- TASK PROMPT -
Please reproduce, exactly and with nothing else, every line from the one containing "Comfortable Slip-On Slippers" through the last line of the records below.

- DATA UNDER STUDY -
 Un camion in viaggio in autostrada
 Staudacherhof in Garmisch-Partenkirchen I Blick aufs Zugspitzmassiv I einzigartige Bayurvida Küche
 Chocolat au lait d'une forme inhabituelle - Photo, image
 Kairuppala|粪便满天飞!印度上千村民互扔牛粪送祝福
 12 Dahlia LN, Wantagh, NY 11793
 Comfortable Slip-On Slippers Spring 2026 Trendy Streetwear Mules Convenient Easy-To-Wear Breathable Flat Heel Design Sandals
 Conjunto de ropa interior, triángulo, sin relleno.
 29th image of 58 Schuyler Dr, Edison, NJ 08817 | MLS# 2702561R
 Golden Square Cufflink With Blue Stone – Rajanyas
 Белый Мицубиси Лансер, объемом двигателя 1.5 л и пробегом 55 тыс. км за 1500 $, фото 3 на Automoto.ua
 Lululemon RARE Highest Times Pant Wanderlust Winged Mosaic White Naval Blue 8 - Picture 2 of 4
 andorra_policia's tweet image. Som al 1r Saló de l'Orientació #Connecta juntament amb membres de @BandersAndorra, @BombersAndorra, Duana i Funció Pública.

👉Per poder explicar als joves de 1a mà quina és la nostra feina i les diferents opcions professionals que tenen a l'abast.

- TASK SOLUTION -
 Comfortable Slip-On Slippers Spring 2026 Trendy Streetwear Mules Convenient Easy-To-Wear Breathable Flat Heel Design Sandals
 Conjunto de ropa interior, triángulo, sin relleno.
 29th image of 58 Schuyler Dr, Edison, NJ 08817 | MLS# 2702561R
 Golden Square Cufflink With Blue Stone – Rajanyas
 Белый Мицубиси Лансер, объемом двигателя 1.5 л и пробегом 55 тыс. км за 1500 $, фото 3 на Automoto.ua
 Lululemon RARE Highest Times Pant Wanderlust Winged Mosaic White Naval Blue 8 - Picture 2 of 4
 andorra_policia's tweet image. Som al 1r Saló de l'Orientació #Connecta juntament amb membres de @BandersAndorra, @BombersAndorra, Duana i Funció Pública.

👉Per poder explicar als joves de 1a mà quina és la nostra feina i les diferents opcions professionals que tenen a l'abast.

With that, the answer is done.